Viernes, 30 de abril de 2010 | Hoy
EL MEGáFONO)))
Por Fernanda Gil Lozano *
“Hija de puta, te voy a matar”, es una de las frases que escuchan muchas mujeres antes o después de que el agresor descargue el puño, el cuchillo, o lo que tenga a mano, sobre su cuerpo. Algunas sobreviven. Pero en la Argentina, cada vez son más las que no. Aunque se carece de estadísticas oficiales, los datos que provienen de diversas organizaciones civiles son elocuentes: durante el año pasado, 239 mujeres fueron asesinadas a manos de sus esposos, novios, ex parejas o en el marco de un ataque sexual.
Esas mujeres murieron porque quien las agredió asumió el derecho a decidir si vivían o morían. En ocasiones, el asesinato se ejecutó luego de años de maltrato y en otros casos porque la victima dijo que “no” o porque decidió terminar con la relación afectiva.
Para las feministas, este tipo de crímenes nunca son pasionales. Se trata, por el contrario, de feminicidios, es decir, de asesinatos que se perpetran sobre las mujeres por su condición de mujeres.

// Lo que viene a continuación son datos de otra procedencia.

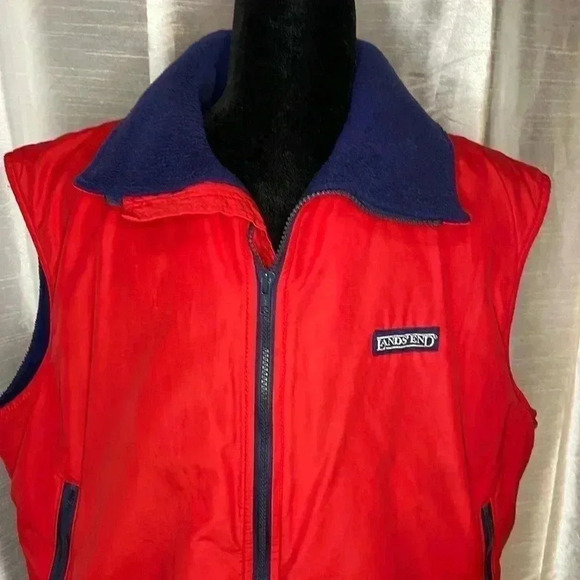 Lands' End Other - Lands’ End Men’s Large Red Fleece Lined Full Zip Vest Windbreaker Jacket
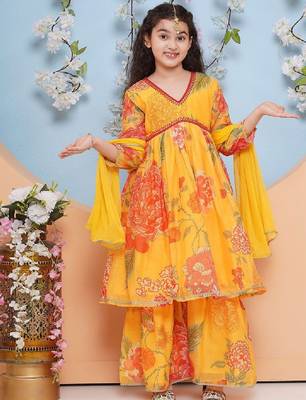 Girls floral printed empire gotta patti kurta with sharara & with dupatta 1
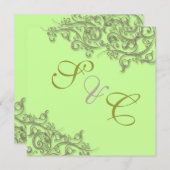 PixDezinesヴィンテージフェイク金ゴールドスワール 招待状 (正面/裏面)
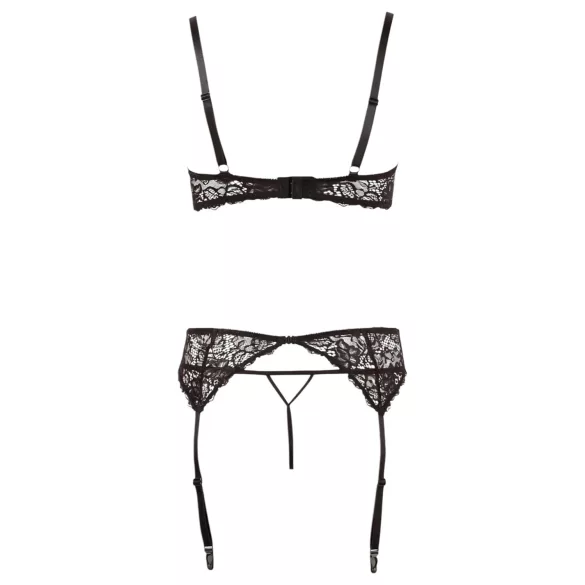Abierta Fina - conjunto de lingerie rendada - 3 peças - 85B/L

En otros momentos o geografías, ser considerada bruja, infiel o hereje fueron algunas de las excusas utilizadas para matar mujeres. Pero, en la actualidad, y en nuestro país, estos crímenes se suceden porque el Estado y sus agentes lo permiten, lo toleran, no lo persiguen, no lo investigan o terminan lanzando las sospechas sobre las víctimas. El Estado monta una suerte de mascarada en la cual mientras firma tratados internacionales e impulsa una ley con el supuesto objetivo de penalizar la violencia de género, obvia, simultáneamente, reglamentarla, otorgarle recursos y establecer sanciones penales a los agresores.

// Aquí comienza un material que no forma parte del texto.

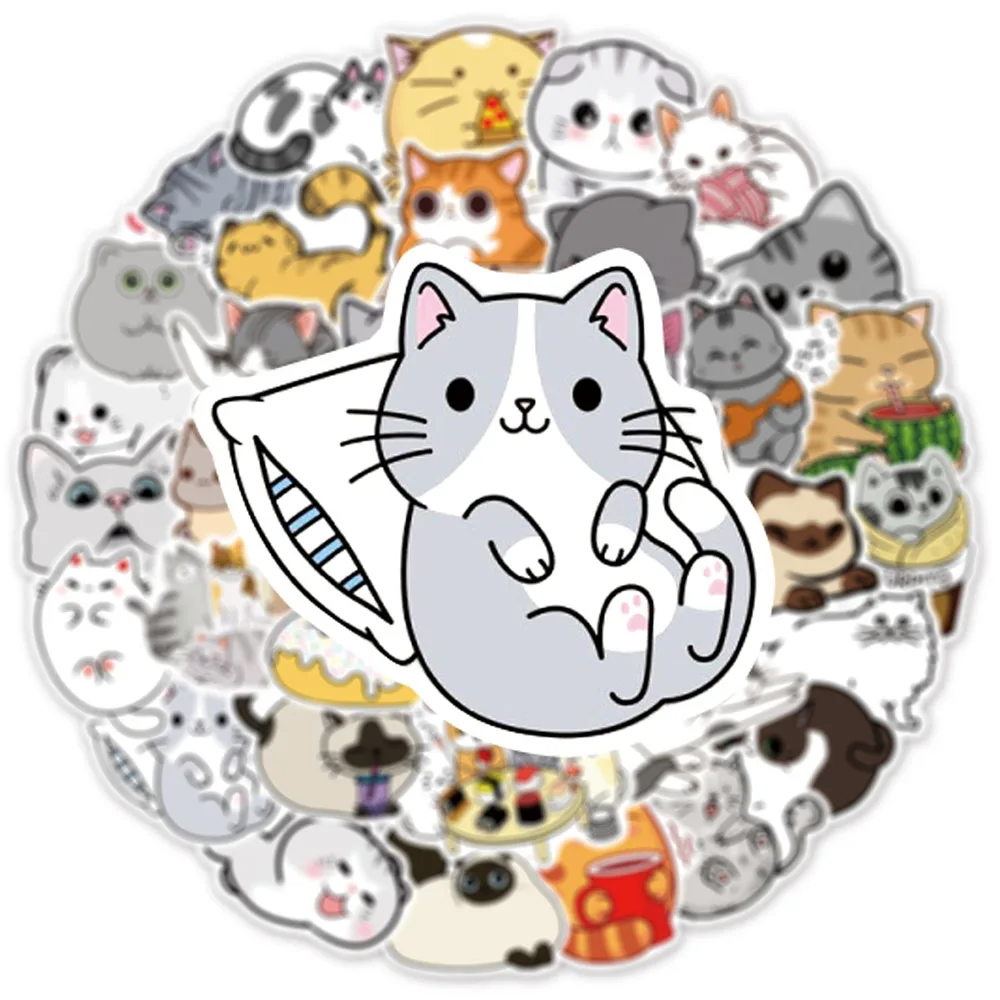 

10/30/50pcs Cute Cat Graffiti Stickers Aesthetic Cartoon Decals Scrapbook Diary Laptop Phone Waterproof Sticker for Kids Toy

Tales decisiones se complementan con otras prácticas y discursos que naturalizan el problema de la violencia y el abuso hacia las mujeres, y promueven la indiferencia social. Por ejemplo, cuando una mujer decide realizar una denuncia por haber sido golpeada, el policía que debe recibirla intente convencerla de que desista argumentando que sólo se trata de “problemas entre marido y mujer”. Y cuando una mujer es violada, corrientemente sucede que las sospechas se vuelven sobre ella pues es a la victima a quien se interroga por su ocupación, su vestimenta y sus hábitos, como si éstos justificaran de alguna forma el abuso al que ha sido sometida.

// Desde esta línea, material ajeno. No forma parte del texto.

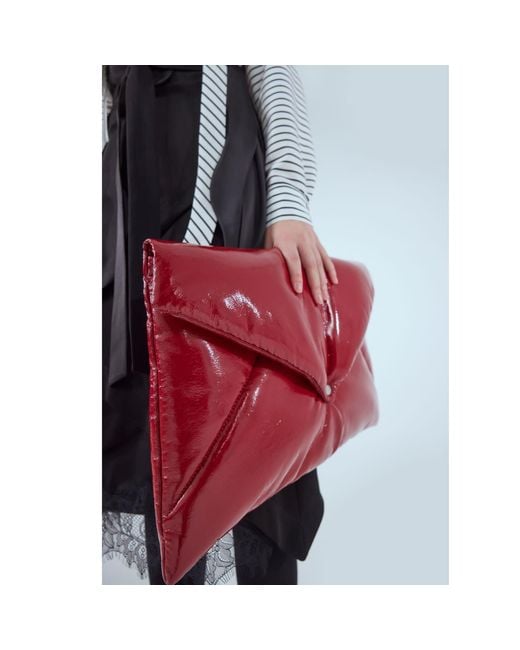 Julia Allert Red Glossy Patent Envelope Clutch Bag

Es imperioso que esta terrible realidad cambie. Para eso se necesitan compromisos reales desde todos los poderes del Estado y también desde la sociedad. Se requieren de leyes verdaderamente integrales, reglamentadas, con presupuesto y sanciones para los agresores. Pero, también, del esmero sistemático para crear una nueva conciencia social. Sin cuestionar los pilares de la sociedad patriarcal, sin rechazar de plano la violencia y el abuso en la casa, en los medios y en el resto de los espacios y relaciones sociales es imposible acabar con la violencia contra las mujeres.
(*) Historiadora y diputada nacional por la Coalición Cívica.